Wenn man die Selbstbeschreibung von Tommaso Bonfilio liest, könnte man meinen, sein Soloprojekt Mother, das er nun neben (oder nach?) seiner Mitgliedschaft in Bands wie Blind Beast oder SabaSaba betreibt, stehe unter keinem guten Stern. Inspiriert von der gestressten Existenz des einsamen Protagonisten schickt sich das Projekt hier an, ein Gefühl klaustrophobischer Statik zu transportieren, und zuguterletzt soll nach dem Debüt erst einmal wieder Schluss sein, da der Künstler sich zur Neuorientierung in ein einjähriges Exil zuückzuziehen plant.

All dies mag man aus den vier soundscapigen Stücken des Tapes heraushören, und doch ist das immer leicht chaotische und dadaistisch anmutende Klangmaterial oft kurzweilig und von überraschender Farbenpracht.

Das nasale Summen und das lakonische Gezupfe, das im ersten Track an einen Kontrabass erinnert, verströhmt einen provisorischen Improv-Vibe, eine Aura des Versuchsweisen, Nachlässigen, Ironischen und könnte wahrscheinlich nicht unpassender betitelt sein als mit “Napoleon”, es sei denn, man denkt an Waterloo. Hörbarer Atem, bäriges Brummen und Knurren und ein quäkender Kamm schaffen im Cut-up-Verfahren eine hörspielartige Szenerie, die mit rasselnden und bimmelnden Objekten, Vogelstimmen, Lautsprecheransagen und wie eine Brandung auf- und abebbenden Automotoren in den folgenden Tracks noch um einiges plastischer ausgebaut wird.

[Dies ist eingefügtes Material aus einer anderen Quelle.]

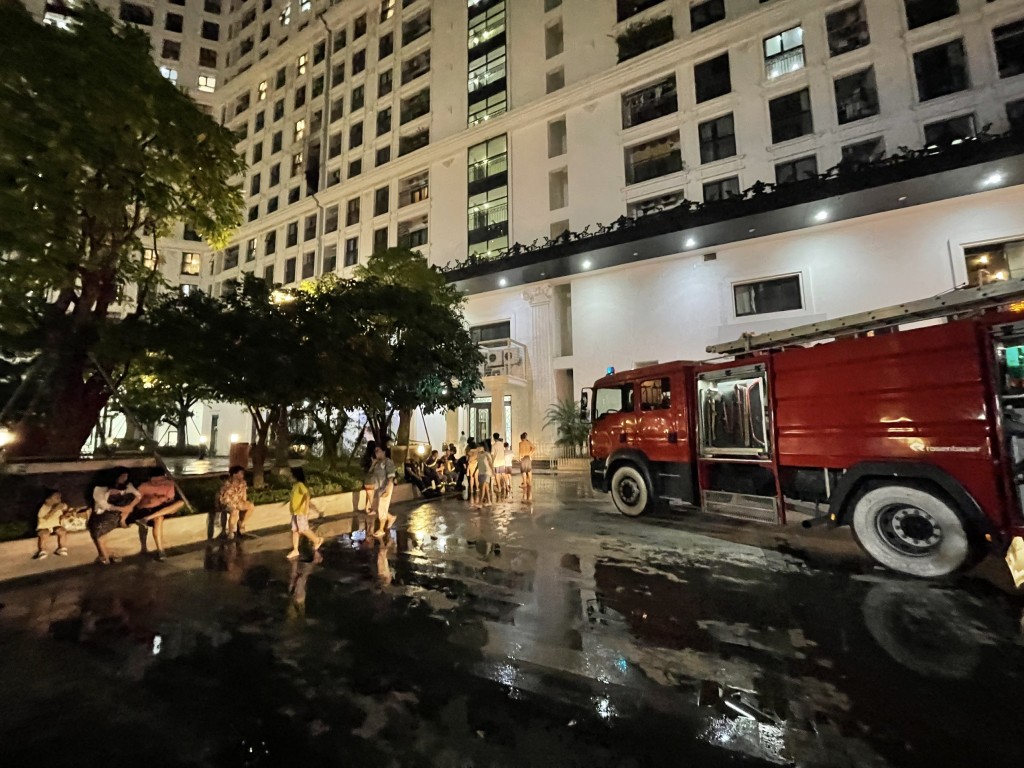 Kịp thời dập tắt đám cháy tầng 6 chung cư tại quận Nam Từ Liêm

Verspielt-verfremdete Stimmen über schleppenden Takten erinnern in “S.I.T.H. Shot in The Head” etwas an Nurse With Wound, doch auch eine leicht bluesige Americana-Note ist auszumachen und fügt sich gut in den sarkastischen Grundtenor, der nur für Momente – hamonische Dröhnung im kryptisch betitelten “2252019″ besipielsweise – durchbrochen wird. Insgesamt ein mehr als ausbaufähiges Projekt, an das Bonfilio nach seiner Pause wieder anknüpfen sollte.